What "durable" has to mean — two distinct contracts
"Survives a reload" hides two very different requirements. They must not be conflated, because a mechanism that satisfies one can fail the other completely.
- C1 — survives a deterministic re-parse. The same (or
whitespace/comment-only-different) bytes are parsed again. The reference
must resolve to the same logical element. Use case: app restart, reload
of an unchanged file on disk, undo/redo across a
load(). - C2 — survives a structural rewrite. A different agent — a human in another tool, or an AI pass — edits the file: inserts, removes, reorders, re-types elements, then the editor reloads the result. The reference must still resolve to "the same element the user meant."

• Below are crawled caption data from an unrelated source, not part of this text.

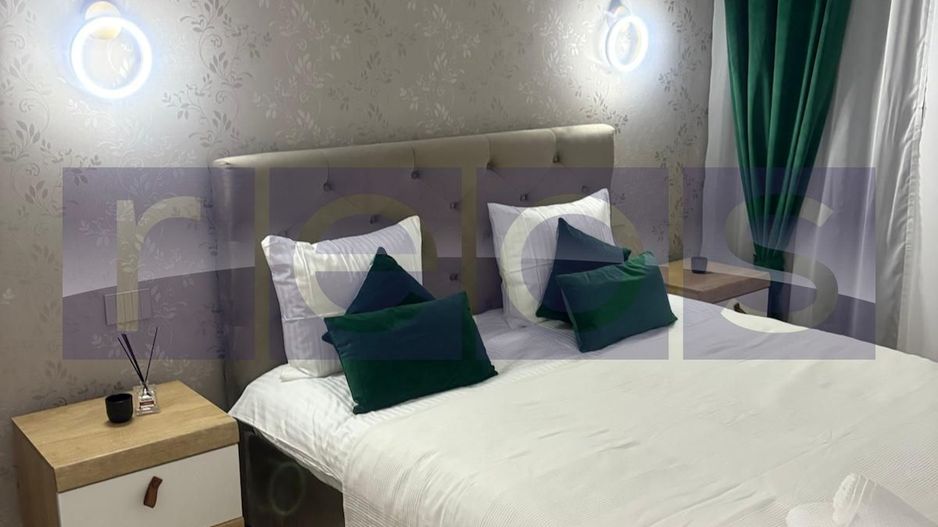 Apartament 2 camere Unirii, Parlament - Poză 2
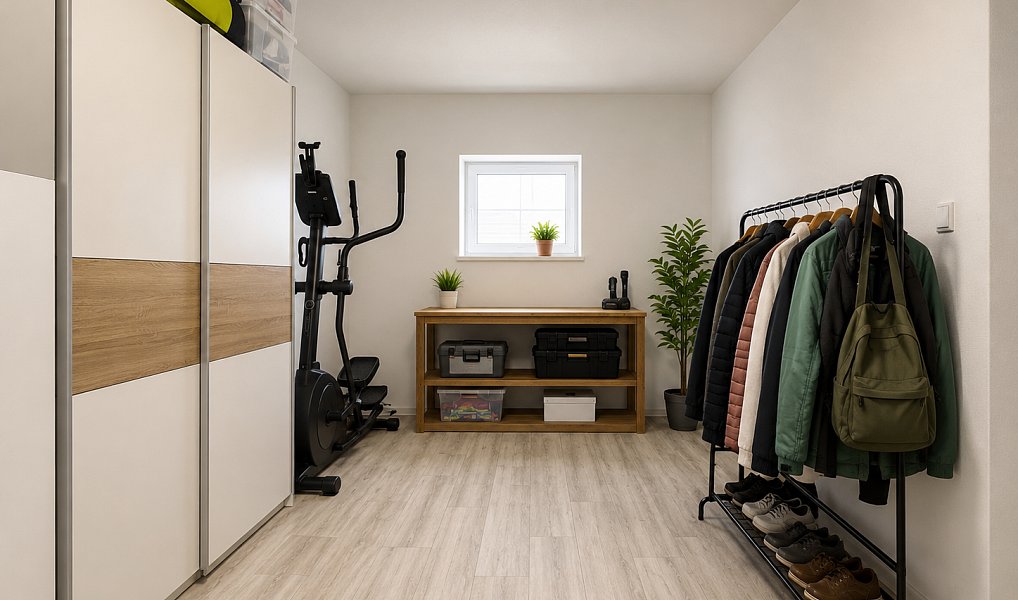 Prodej domu 107 m², Větřní – náhled fotky 11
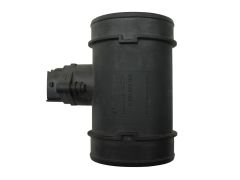 ca3-jj1144eby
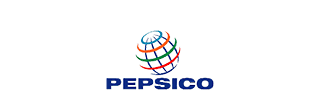 Pepsi-Co, Inc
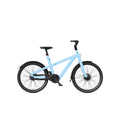 VanMoof A5/S6 Open wrap kit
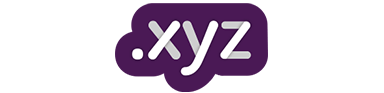 xyz domain price in Pakistan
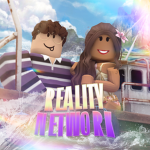 Reality Network. Group Thumbnail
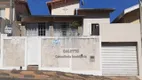 Foto 16 de Casa com 3 Quartos à venda, 250m² em Jardim Leonor, Campinas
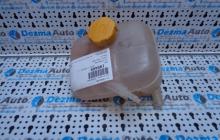 Vas expansiune GM24469940, Opel Astra H combi, 2004-2008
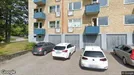 Apartment for rent, Borås, Västra Götaland County, Adress ej angivet<span class="blurred street-number" onclick="ProcessAdRequest(15230569)"><span class="hint">See no.</span>[xxxxxx]</span>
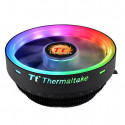 Thermaltake CPU cooler UX100 ARGB Lighting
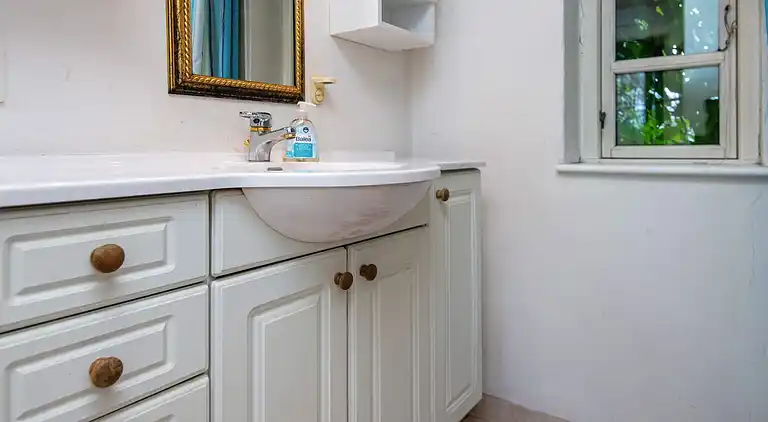 Holiday home in Grenaa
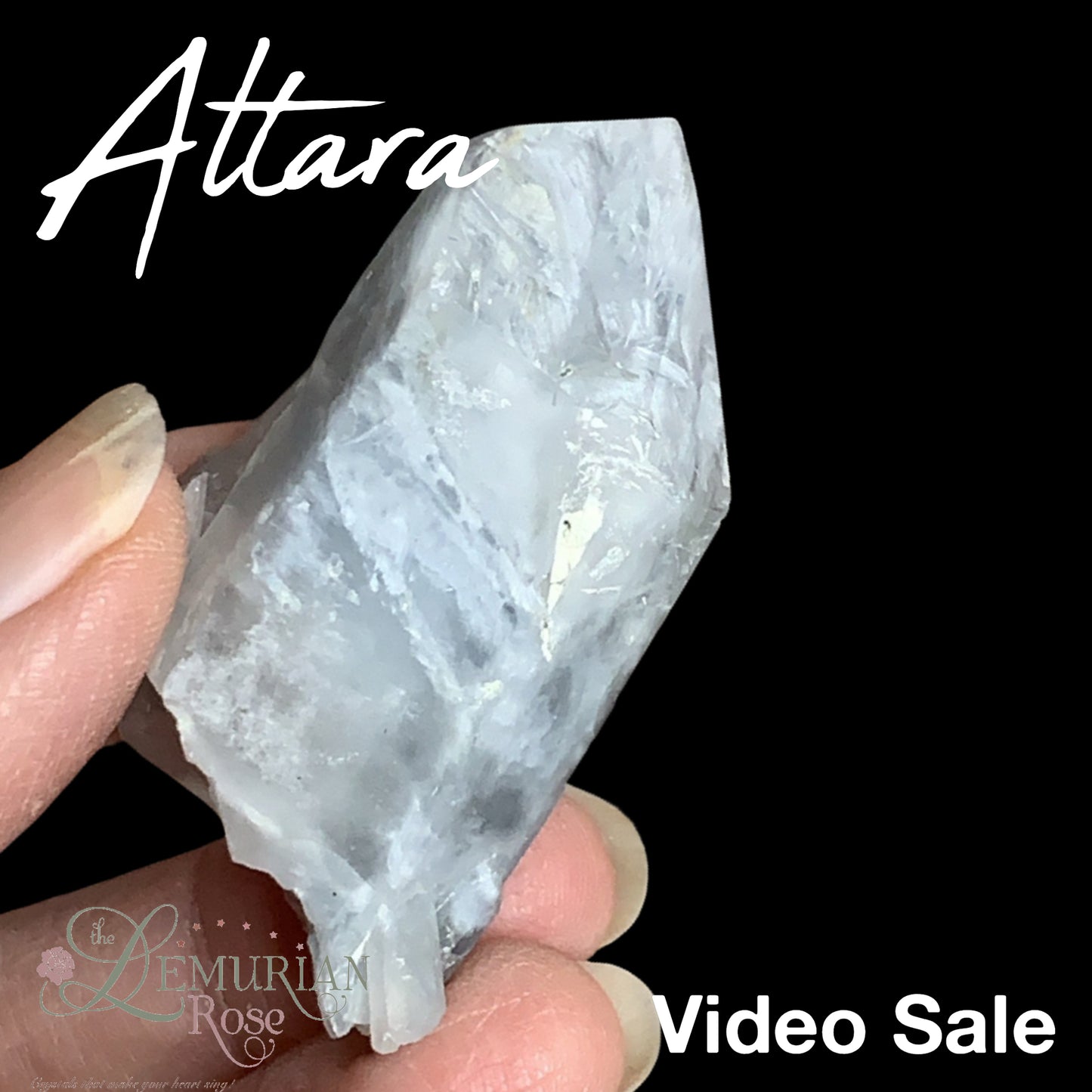 Altara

C2 is the one #775's motivating scenario actually needs (the whole point is to let the agent edit), and it is strictly harder. A reference scheme can ace C1 and be worthless for C2.

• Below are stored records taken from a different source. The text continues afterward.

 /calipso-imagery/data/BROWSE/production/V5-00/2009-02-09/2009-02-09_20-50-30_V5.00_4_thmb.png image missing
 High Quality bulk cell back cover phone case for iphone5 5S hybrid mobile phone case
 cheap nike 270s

Candidate contracts, with honest scope
Positional child-index path
Address a node by the chain of child indices from the root: "first element child of root, then its third element child." Resolution walks the chain.

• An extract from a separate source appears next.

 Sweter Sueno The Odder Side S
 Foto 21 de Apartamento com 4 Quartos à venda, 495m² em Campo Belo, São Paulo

- C1: yes. Parsing is deterministic, so the index chain is stable across re-parse of the same bytes. Element-only indices (ignoring text/comment nodes) additionally tolerate whitespace/comment churn.
- C2: no. Any insert, remove, or reorder before the target shifts its index. The reference silently resolves to a different element, or to none. Exactly the edits an editing agent performs are the edits that break it — so under C2 it is not merely weak, it is misleading: it resolves successfully to the wrong node.
Why the obvious answer is insufficient
This is the node_path / node_at_path shape proposed in #775. It is
cheap and it is derivable today from the editor's public tree() snapshot
(walk parents for the path; descend children to resolve) in a few lines —
which is itself a reason not to mint it as a public contract prematurely
(no second consumer has shaped it). But the deeper objection is the C1/C2
gap above: shipping it under a "survives a reload" headline would advertise
durability it does not have for the scenario that asked for it. If a
positional path is ever exposed, its contract must say C1 only, in
those words.
The id attribute
SVG already has a serialized, author-facing identity mechanism: id="".
The editor already reads it (display labels, tree() names).
- C1: yes. It is a document fact; it round-trips.
- C2: mostly. An agent that preserves ids keeps the reference valid
across structural edits —
idis position-independent. It breaks only if the agent renames or drops the id, which a cooperative agent need not do. - The catch — sovereignty (P1). Not every node has an
id, so this cannot be a universal reference without the editor minting ids. And minting ids is exactly the proprietary-noise the package exists to refuse — cf. the README's complaint about Illustrator stampingSVGID_1_. Any design that leans onidmust answer: who writes the id, when, with the user's knowledge, and is an editor-authored id distinguishable from an authored one. "Silently inject ids so we have a handle" is a P1 violation, not a design.
Semantic anchor / selector
Address a node by a matchable description — a CSS/XPath-like selector, or a structural fingerprint (tag + key attributes + neighborhood).
- C1: yes. C2: best of the three — a selector keyed on stable authored attributes tolerates reordering and unrelated inserts.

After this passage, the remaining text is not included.